The former Nazi German Auschwitz death camp in southern Poland. Photo: pixabay.com
“I will always stand up to distorting history, regardless if caused by misunderstanding or ill will,” Ronald S. Lauder wrote in an op-ed for Rzeczpospolita daily.
Lauder described himself a “sincere friend of Poland, who visits this country often.”
He said, however, that he was worried about “people demonstrating and chanting anti-Semitic and anti-American slogans,” referring to a far-right march in Warsaw on Saturday against a US push for monitoring restitution of Jewish property seized under Nazi German occupation and communism.
He also criticised the burning of an effigy of Judas in Pruchnik, south-eastern Poland, in April.
“For generations, Poland had been a beating heart of Jewish spirituality and home for the majority of Jews of the Diaspora,” said Lauder.

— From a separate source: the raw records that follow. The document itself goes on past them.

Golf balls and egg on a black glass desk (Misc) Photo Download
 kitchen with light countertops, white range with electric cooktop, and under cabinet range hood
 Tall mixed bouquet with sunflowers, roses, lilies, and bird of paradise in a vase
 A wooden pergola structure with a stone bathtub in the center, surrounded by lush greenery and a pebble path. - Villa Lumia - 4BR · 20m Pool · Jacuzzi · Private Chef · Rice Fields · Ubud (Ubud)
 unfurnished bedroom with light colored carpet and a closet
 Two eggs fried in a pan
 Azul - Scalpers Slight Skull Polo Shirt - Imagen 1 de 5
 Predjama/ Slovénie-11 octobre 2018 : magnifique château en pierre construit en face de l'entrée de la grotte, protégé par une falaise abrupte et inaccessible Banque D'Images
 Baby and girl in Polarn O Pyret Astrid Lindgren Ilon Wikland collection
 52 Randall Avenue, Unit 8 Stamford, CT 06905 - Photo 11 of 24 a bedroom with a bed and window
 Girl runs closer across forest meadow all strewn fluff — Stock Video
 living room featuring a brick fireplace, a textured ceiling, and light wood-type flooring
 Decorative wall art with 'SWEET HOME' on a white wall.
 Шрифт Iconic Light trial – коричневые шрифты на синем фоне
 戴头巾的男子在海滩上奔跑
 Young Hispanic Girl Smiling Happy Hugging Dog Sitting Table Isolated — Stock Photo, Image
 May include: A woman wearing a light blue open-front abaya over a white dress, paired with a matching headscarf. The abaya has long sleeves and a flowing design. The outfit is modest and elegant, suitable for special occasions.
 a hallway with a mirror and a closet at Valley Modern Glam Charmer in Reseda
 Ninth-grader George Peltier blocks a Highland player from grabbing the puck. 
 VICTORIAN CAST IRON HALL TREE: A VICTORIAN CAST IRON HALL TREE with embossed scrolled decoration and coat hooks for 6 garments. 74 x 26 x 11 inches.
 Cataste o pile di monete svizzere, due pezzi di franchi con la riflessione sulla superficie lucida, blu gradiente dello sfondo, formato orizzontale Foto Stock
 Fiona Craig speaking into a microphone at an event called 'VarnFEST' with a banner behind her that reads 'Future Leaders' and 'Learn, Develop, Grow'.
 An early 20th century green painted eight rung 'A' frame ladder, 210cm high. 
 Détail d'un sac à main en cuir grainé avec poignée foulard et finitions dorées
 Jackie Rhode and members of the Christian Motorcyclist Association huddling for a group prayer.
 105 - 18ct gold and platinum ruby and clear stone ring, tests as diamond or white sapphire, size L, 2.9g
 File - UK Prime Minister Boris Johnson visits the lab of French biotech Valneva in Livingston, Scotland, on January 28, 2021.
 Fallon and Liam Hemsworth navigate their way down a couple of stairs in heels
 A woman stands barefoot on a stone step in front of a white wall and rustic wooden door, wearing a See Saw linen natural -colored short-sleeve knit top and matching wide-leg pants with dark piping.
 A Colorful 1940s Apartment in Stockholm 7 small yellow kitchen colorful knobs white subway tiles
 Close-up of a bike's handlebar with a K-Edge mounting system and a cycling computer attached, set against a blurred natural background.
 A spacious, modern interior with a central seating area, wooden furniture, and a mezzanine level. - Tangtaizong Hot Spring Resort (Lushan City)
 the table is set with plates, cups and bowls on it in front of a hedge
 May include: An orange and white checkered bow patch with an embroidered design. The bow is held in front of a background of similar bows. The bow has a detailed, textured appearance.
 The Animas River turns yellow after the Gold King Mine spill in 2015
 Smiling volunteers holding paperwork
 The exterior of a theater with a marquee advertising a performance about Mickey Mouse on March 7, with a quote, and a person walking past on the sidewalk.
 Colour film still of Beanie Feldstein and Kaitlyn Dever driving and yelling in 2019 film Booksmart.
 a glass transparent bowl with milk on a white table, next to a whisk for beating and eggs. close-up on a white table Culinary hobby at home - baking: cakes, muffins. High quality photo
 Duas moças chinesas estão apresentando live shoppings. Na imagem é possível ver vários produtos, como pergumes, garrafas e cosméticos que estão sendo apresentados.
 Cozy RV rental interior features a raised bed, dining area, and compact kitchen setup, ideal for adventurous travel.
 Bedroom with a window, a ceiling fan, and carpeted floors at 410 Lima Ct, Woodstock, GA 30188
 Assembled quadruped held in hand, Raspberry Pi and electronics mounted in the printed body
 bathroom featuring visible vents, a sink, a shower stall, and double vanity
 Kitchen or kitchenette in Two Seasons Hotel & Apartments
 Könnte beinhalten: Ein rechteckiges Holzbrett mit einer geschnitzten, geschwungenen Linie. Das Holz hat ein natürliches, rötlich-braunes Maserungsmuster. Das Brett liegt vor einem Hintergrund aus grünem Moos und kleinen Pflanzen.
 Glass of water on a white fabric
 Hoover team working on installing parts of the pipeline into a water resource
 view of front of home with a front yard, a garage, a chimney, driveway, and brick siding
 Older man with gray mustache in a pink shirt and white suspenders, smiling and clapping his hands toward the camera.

He added he hoped for religious and political leaders in Poland to make a “strong statement against manifesting anti-Semitism.”
“We cannot allow for the ghosts of the past to rise again and lead to destruction of [that] which both our nations have built over years,” Lauder wrote.
Poland’s prime minister on Wednesday condemned what he called a “racist attack” on his country’s ambassador to Israel.
The envoy, Marek Magierowski, was physically and verbally assaulted while standing outside the Polish embassy in Tel Aviv on Tuesday, according to a report by the Jerusalem Post.
The attack came amid a diplomatic spat between Poland and Israel.